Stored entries

BEGIN

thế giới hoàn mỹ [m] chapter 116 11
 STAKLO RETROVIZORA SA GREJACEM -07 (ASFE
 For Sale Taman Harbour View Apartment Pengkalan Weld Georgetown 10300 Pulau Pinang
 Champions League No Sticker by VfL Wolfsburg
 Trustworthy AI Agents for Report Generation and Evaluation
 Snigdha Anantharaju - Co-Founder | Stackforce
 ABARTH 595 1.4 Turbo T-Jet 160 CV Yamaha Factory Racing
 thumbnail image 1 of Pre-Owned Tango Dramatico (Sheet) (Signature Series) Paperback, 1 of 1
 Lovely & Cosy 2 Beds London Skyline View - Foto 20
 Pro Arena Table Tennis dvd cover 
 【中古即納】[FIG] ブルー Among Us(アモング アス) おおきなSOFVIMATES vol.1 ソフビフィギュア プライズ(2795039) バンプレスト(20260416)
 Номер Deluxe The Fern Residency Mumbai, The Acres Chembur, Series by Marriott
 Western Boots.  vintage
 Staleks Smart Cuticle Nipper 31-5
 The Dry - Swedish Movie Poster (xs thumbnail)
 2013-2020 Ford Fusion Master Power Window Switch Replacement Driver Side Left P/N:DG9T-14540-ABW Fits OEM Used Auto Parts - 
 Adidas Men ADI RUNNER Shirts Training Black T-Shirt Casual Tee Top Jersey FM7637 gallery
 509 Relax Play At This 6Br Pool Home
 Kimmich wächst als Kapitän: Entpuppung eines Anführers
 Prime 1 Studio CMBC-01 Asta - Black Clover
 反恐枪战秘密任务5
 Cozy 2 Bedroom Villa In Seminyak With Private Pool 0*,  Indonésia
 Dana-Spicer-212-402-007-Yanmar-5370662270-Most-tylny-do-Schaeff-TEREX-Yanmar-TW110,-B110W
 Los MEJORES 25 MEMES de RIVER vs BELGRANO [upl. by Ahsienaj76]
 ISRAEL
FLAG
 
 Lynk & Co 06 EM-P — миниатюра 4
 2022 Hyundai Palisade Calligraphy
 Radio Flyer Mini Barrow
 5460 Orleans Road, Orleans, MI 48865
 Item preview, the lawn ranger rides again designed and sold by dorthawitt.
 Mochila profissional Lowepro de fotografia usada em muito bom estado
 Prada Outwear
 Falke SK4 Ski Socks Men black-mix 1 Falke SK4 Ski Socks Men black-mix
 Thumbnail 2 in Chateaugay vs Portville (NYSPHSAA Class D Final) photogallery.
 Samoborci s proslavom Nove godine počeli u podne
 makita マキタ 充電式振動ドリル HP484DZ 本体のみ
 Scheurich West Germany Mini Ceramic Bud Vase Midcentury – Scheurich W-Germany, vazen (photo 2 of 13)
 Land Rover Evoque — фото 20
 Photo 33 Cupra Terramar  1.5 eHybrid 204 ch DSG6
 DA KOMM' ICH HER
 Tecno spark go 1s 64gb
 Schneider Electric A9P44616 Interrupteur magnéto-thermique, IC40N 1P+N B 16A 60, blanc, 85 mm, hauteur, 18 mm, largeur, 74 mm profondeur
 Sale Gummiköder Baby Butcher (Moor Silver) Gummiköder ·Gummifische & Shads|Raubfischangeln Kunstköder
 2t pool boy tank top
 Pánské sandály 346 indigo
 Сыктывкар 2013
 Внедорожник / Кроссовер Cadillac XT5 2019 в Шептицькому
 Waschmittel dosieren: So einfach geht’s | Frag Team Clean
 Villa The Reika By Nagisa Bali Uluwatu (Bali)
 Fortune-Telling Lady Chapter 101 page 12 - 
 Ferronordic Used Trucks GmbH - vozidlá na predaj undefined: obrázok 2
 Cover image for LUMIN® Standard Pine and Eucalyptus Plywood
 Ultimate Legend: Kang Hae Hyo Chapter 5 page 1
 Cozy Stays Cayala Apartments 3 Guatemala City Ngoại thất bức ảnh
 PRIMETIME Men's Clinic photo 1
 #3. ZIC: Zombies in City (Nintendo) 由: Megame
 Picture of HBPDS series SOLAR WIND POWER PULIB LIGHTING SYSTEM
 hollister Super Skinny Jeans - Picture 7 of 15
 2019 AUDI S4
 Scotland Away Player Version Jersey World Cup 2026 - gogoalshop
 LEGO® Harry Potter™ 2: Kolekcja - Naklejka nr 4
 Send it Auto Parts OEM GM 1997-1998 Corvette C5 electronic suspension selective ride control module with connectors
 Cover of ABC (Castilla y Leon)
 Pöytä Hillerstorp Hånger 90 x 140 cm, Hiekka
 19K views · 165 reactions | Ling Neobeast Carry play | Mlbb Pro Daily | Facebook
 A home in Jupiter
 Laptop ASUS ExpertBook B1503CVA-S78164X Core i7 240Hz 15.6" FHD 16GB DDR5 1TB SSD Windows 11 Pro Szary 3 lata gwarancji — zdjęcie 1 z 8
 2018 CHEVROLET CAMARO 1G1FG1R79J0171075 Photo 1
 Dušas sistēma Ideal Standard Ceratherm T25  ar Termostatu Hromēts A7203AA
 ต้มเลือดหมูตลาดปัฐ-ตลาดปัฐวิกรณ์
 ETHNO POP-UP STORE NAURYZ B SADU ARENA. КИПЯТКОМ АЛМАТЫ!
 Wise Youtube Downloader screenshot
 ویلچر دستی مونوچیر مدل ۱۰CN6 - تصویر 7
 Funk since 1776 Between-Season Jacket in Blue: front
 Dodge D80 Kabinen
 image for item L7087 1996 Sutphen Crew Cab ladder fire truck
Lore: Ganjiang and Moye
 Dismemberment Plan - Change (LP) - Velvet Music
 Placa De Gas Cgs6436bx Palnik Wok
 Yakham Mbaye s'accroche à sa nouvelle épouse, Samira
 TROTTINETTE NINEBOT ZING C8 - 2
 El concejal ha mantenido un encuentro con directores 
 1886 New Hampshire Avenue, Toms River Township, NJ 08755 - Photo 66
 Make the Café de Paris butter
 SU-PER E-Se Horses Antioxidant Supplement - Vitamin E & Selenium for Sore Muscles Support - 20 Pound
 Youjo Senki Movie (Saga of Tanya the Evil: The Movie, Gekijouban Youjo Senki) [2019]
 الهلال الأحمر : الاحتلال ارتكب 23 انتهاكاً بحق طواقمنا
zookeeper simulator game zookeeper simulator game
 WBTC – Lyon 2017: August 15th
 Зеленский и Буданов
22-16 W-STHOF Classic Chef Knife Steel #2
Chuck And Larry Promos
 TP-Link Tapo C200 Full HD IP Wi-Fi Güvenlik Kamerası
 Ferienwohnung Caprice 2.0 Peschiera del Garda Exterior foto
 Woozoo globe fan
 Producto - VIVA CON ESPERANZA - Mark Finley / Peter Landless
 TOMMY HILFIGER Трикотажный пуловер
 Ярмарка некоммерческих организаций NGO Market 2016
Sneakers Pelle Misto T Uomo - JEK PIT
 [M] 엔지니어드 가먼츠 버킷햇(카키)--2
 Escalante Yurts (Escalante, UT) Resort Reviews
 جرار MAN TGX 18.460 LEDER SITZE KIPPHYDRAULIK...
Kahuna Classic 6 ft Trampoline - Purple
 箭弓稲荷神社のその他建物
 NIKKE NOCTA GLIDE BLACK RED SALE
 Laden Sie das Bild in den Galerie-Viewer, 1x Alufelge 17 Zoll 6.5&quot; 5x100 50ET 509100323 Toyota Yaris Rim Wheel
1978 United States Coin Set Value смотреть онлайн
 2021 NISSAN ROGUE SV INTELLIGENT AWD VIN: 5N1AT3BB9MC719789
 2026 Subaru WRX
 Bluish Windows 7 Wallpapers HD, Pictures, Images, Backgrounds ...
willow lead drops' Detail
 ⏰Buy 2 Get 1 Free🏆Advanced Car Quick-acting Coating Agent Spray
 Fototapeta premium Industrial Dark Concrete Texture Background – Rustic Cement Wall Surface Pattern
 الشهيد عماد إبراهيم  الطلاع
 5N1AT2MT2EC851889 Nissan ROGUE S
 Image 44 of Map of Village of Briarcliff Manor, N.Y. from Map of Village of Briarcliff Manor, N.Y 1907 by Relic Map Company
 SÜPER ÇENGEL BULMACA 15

END

__Your assignment__
In the entries above, locate every line with the word "Standard" and copy it.

__Written solution__
 Cover image for LUMIN® Standard Pine and Eucalyptus Plywood
 Dušas sistēma Ideal Standard Ceratherm T25  ar Termostatu Hromēts A7203AA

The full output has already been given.